- Theatrical release poster
- Directed by: Robert Harmon
- Written by: Craig Mitchell Hans Bauer
- Produced by: Mike Marcus Carroll Kemp Bradley Jenkel Avi Lerner
- Starring: Jim Caviezel Rhona Mitra Colm Feore Andrea Roth Frankie Faison
- Cinematography: Rene Ohashi
- Edited by: Chris Pepper
- Music by: Mark Isham
- Production companies: New Line Cinema Millennium Films Cornice Entertainment
- Distributed by: New Line Cinema
- Release date: February 13, 2004;
- Running time: 80 minutes
- Countries: Canada United States
- Language: English
- Box office: $2.3 million

= Highwaymen (film) =

2004 action thriller film

Highwaymen is a 2004 action thriller film directed by Robert Harmon. An American-Canadian production, it stars Jim Caviezel, Rhona Mitra, Frankie Faison, and Colm Feore. The score was composed by Mark Isham. The film was released on 13 February 2004.

==Plot==
A man named Rennie Cray is motivated by revenge to track down and kill the man who ran over his wife, a serial killer immobilized by the man himself. The killer uses a wheelchair. He drives a 1972 Cadillac Eldorado to stalk and kill his victims in car accidents. When the serial killer makes a young woman his next target, the man has to stop the killer once and for all.

== Cast ==
- Jim Caviezel as Renford James "Rennie" Cray
- Rhona Mitra as Molly Poole
- Colm Feore as Fargo
- Gordon Currie as Ray Boone
- Frankie Faison as Will Macklin
- Andrea Roth as Alexandra Alex Farrow
- Noam Jenkins as Kelt

==Reception==

On Rotten Tomatoes, the film holds an approval rating of 13% based on 15 reviews, with a weighted average rating of 3.2/10.

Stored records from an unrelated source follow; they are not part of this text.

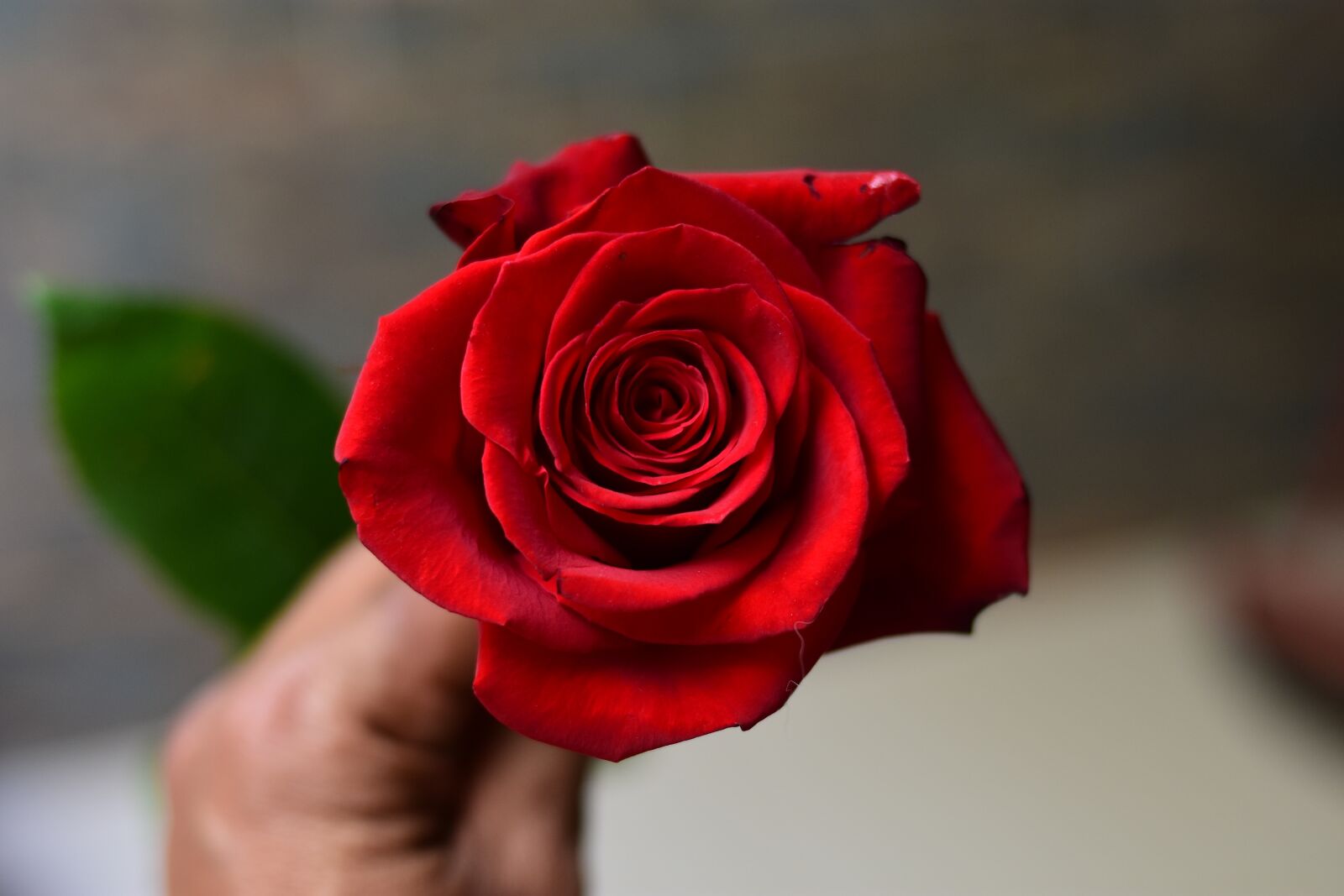 Nikon D3400 sample photo. Rosa, flower, petal photography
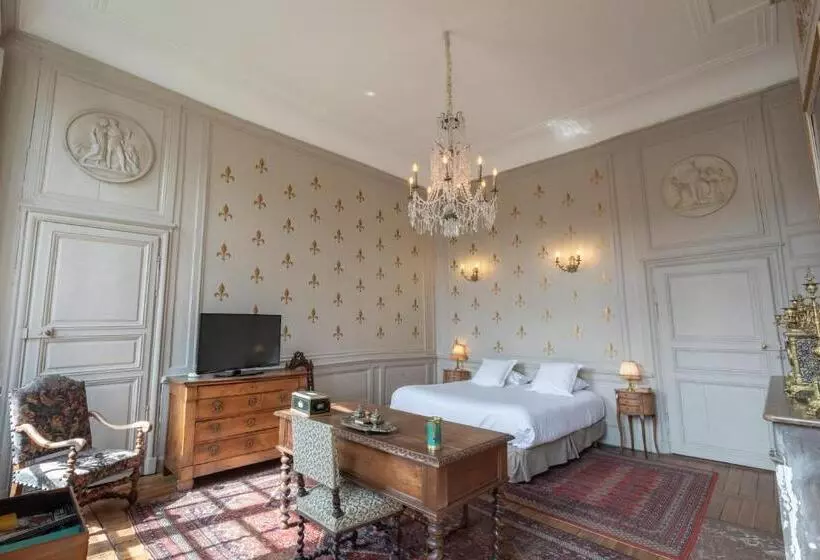 L Hotel De Panette, Un Exceptionnel Château En Ville   Cathédrale
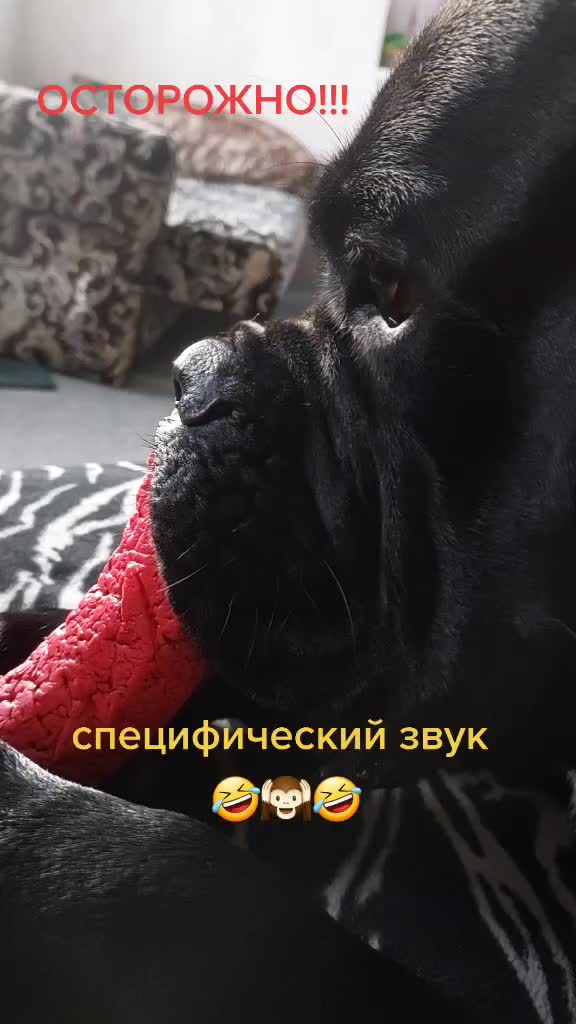 @Radychka33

Anna Smith from Empire gave the film 2/5 stars, writing, "Both the well-choreographed crash scenes and the gritty cinematography hint at a better film. Shame no-one took the time to make it." Jamie Russell from BBC awarded the film 1/5 stars, calling it "a five-lane pileup on the freeway to hell".
Mark Savlov from Austin Chronicle gave the film 2/5 stars, stating that the film "lacks the sprawling, Westernized mythos of The Hitcher and feels, in the end, like a previously owned nightmare sorely in need of a new universal hell joint."